US beef consumers have reason to cheer this summer with the lowest ground beef prices in years.
That, along with declining slaughter weights and lower per-animal beef production, could spark buying interest and turn markets higher later in the year. But for now, it looks like consumers can expect low burger prices for the grill and more advertising campaigns by burger restaurants.
Food service establishments may not lower the base prices for their products, but they could offer summer specials that lower the cost to consumers for a while in order to steal customers from competing restaurants.
WHOLESALE PRICES LOWER
What consumers won’t know is that the wholesale prices have dropped with the increased herd size and slaughter rates and beef production this year. 50% lean beef trimmings, which come mostly from the slaughter of feedlot-fattened steers and heifers.
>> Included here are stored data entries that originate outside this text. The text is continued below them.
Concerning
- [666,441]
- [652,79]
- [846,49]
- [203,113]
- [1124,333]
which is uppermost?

The 50% lean trimmings market has shown resistance to rally attempts this year and was well below last year and the 2010-2014 average as of last week when it was 51.55 cents a pound. This was up 1.21 cents, or 2.40%, above the previous week’s 50.34 cents and up from this year’s low of 48.97 cents the first week of May.
Compared with last year, prices for 50% trimmings are down 44.42 cents a pound, or 46.3%, from 95.97 cents, and compared with the five-year average, they are down 45.278 cents, or 46.8%, from 96.828 cents.
Data also show that 50% lean trimmings prices began their decline last year as cattle numbers rose from a 63-year low. If prices this year continue to follow last year’s trend instead of the five-year average, they will offer retail grocers and restaurants the opportunity for special promotions throughout the year.
A LIMITING FACTOR
However, there is a limiting factor in the pressure on consumer-level ground beef prices – the price of 90% ground beef. USDA Agricultural Marketing Service data shows wholesale prices for this item running well below a year ago but just above the 2010-2014 average.
This product, which comes mostly from the slaughter of spent cows and from imported beef, often is blended with the 50% ground beef to produce 70% and 80% ground beef sold in stores. It also is sold as 90% beef, but such a lean product does not perform as well on the grill as something with a little more fat.
Increasingly, there has been a quiet return to producing 90% ground beef from trimmings and then adding the finely textured ground beef to the 50% to get the desired fat content. More companies are labeling their product this way to gain consumer acceptance.